Jonathan Harr, author of The Lost Painting
A compelling account of one community's quest for environmental justice, Jonathan Harr's 1995 best-seller, A Civil Action, won a National Book Critics Circle Award and is a cornerstone of the 2006 Wisconsin Book Festival's program track devoted to "A More Perfect Union: To Establish Justice." An epic narrative of corporate negligence, its environmental consequences and costs to human health, A Civil Action took a profound toll on Harr, who devoted nine years of his life to researching and writing it.
He is, more recently, the author of The Lost Painting, which tells the story of a painting by the Baroque master Caravaggio that went missing for 200 years. Madison Mayor Dave Cieslewicz introduces Harr for his appearance at the Wisconsin Book Festival at 4 p.m. Saturday, Oct. 21, in the Overture Center's Promenade Hall, where the author will discuss "A Civil Action & A More Perfect Union."
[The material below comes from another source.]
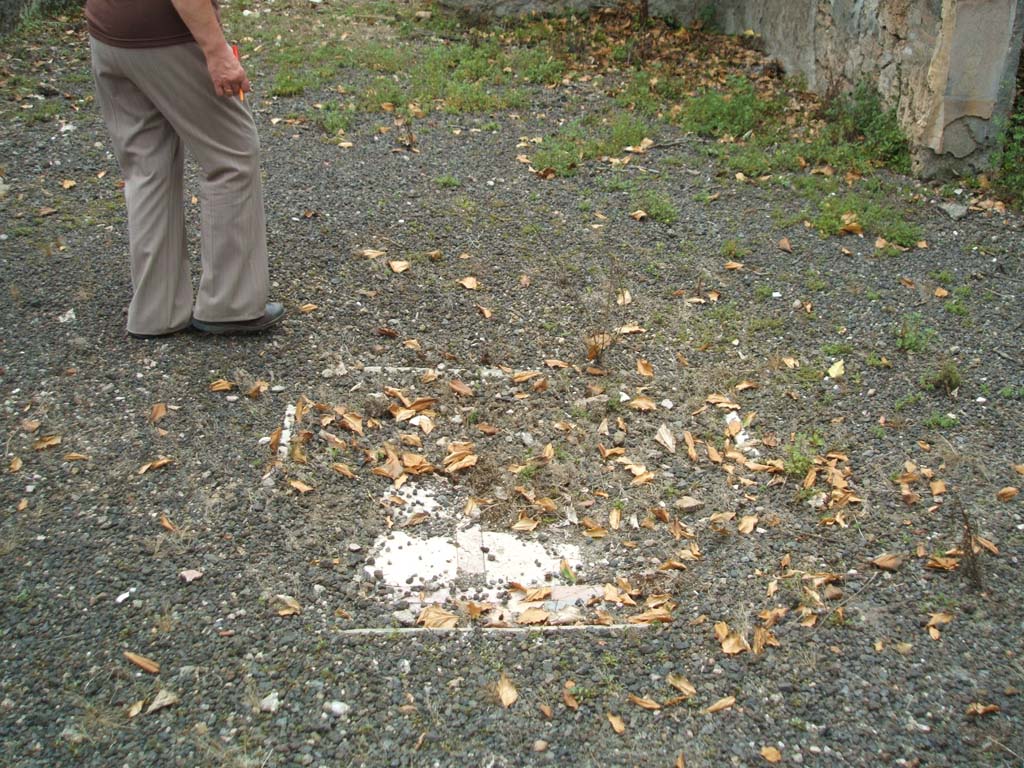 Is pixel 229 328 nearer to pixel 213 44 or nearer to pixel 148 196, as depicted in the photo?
pixel 148 196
The Daily Page: You're scheduled to appear as part of the festival's program track devoted to "A More Perfect Union," which this year takes as its theme "To Establish Justice." Based on your experience researching and writing A Civil Action, how do you define justice? And how is it established?
Harr: That's one of the great philosophical questions of all time, akin to asking what is the nature of truth. Tomes have been written about it, and I suspect it's probably impossible to answer in one paragraph. But let me attempt to be succinct. Often justice is in the eye of the beholder. In a lawsuit, for example, especially a civil one, both parties usually believe they have justice on their side.
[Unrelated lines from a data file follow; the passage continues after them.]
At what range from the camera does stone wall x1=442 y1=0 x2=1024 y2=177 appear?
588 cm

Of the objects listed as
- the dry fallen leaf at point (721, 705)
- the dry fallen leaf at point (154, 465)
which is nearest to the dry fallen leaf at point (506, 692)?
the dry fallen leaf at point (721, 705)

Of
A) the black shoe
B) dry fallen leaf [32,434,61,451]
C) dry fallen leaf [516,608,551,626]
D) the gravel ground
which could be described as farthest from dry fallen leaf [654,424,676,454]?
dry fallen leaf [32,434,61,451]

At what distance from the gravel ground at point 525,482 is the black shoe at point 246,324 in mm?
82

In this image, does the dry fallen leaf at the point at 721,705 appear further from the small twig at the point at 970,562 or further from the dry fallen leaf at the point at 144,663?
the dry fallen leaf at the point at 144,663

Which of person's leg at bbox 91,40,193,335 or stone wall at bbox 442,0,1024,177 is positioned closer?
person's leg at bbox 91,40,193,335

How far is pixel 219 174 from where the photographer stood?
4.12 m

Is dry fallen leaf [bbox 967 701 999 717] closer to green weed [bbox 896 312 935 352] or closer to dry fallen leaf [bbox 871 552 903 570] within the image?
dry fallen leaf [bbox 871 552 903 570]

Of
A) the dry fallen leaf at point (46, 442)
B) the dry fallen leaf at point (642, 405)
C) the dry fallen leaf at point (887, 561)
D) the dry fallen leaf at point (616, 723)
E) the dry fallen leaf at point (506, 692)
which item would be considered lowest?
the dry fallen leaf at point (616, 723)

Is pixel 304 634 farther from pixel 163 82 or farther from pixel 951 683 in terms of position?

In A Civil Action, when Schlichtmann pounded on the table and demanded justice for his clients, Judge Skinner finally got tired of this refrain. He said -- this is a paraphrase -- that Schlichtmann should know by now that lawsuits are not about truth or justice, they're about resolving disputes. So if you have a system that can resolve, in the fairest manner possible, as openly as possible, any given dispute, that's about as close to justice as one could hope to get in an imperfect world.
Out of all the countless environmental crimes in all the world, what was it about this one that grabbed you and didn't let go?
Very simple to answer: The lawyers agreed to give me access behind the scenes. I was going where journalists almost never get to go, to see it first hand. I decided to write about this case solely for that reason.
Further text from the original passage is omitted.